Weingarten made clear that not all due process laws are perfect and that, while we must protect against false allegations, there can be no tolerance for sexual misconduct. She also made clear that no teacher wants to work alongside someone not cut out for the profession.
 
“So I would hope that we could all agree that if someone can’t teach, we should first help, and if that doesn’t work, the person shouldn’t teach. And it shouldn’t take 10 years to litigate whether a teacher should be removed from the classroom,” said Weingarten.
 
Weingarten specifically condemned the Vergara decision as the wrong prescription, saying that it “presupposes that for kids to win, teachers have to lose.”
 
“The bitter irony is throwing out due process will make it harder to attract and keep great teachers,” she said. “So yes, we will fight it in the courtroom and the court of public opinion.”
 
Increasing Economic Opportunity
 
To create an economy that works for all, Weingarten outlined essential policy proposals that the AFT would advocate for, including growing the labor movement and reviving collective bargaining; increasing retirement security; easing the burden of student debt; funding a higher minimum wage, paid family leave, universal early childhood education, and full, equitable funding for all schools; and increasing investments in infrastructure and incentives to once again manufacture in America.
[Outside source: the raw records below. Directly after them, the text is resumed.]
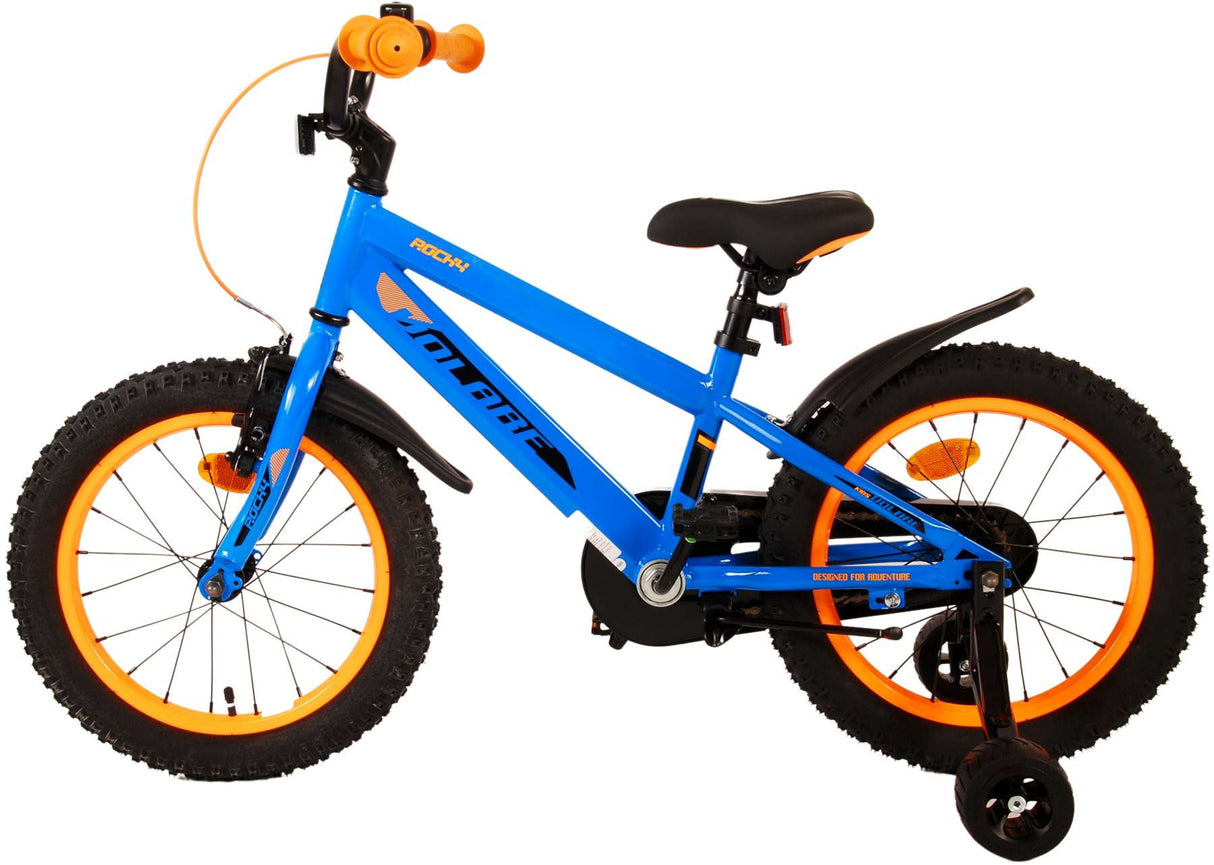 Volare Rocky Kinderfahrrad - Jungen - 16 Zoll - Blau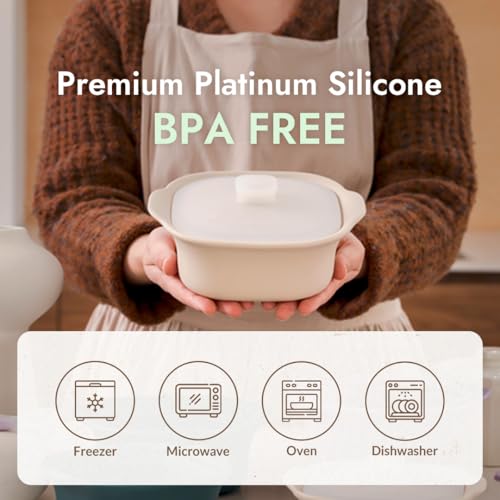 Silicone Multi-Steamer Made in Korea Microwave Steamer for Cooking & Reheating BPA-Free Flexible & Durable (Bijou Beige, 20.29 fl oz)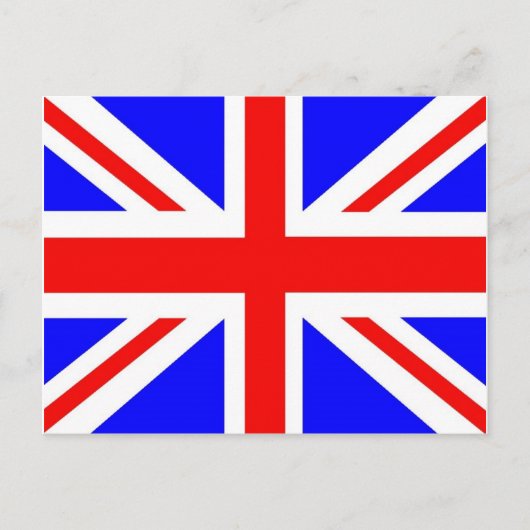 Britse vlagkoopwaar briefkaart (Voorkant)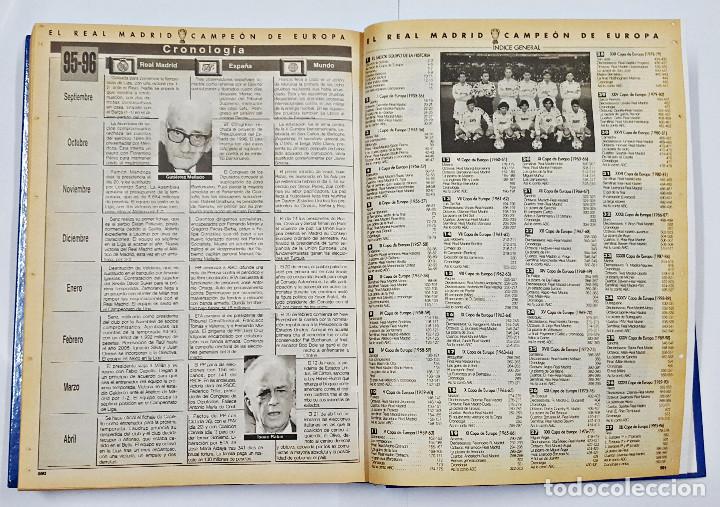 Coleccionismo deportivo: LIBRO EL REAL MADRID CAMPE&Oacute;N DE EUROPA ABC. - Foto 4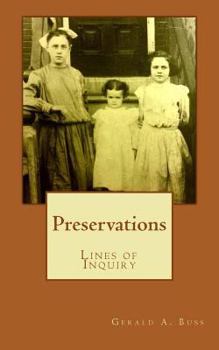 Paperback Preservations: Lines of Inquiry Book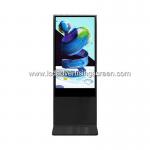 FHD Floor Standing Interactive LCD Touch Screen Totem for sale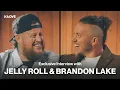 Jelly Roll Talks Faith Journey with Brandon Lake The Heart Behind Hard Fought Hallelujah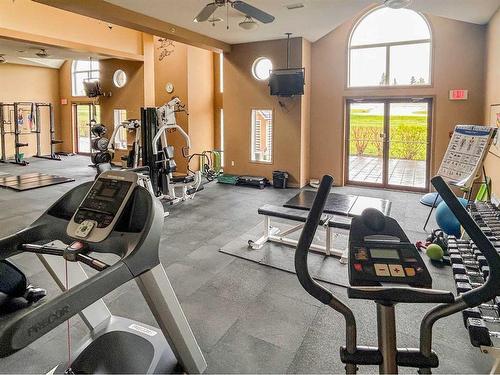 110-60 Sierra Morena Landing Sw, Calgary, AB - Indoor Photo Showing Gym Room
She also highlighted the AFT’s work to invest union member pension funds in infrastructure and create 150,000 good jobs.
 
Weingarten also called for all Americans to pay their fair share, including closing tax loopholes for carried interest and enacting a financial transaction tax.
 
Doing all of this, Weingarten said, we will reclaim the promise of America.
 
“When we fight forward—with the full strength of our union, united with community, prepared to call out problems and bring forth solutions, and willing to be a little bit badass — we not only fight forward, we move forward.”
 
Weingarten closed out the speech with a call for members to be deeply engaged in politics, saying that elections matter — determining who nominates Supreme Court justices, and whether working people have elected officials who stand with them or attack their jobs and livelihoods.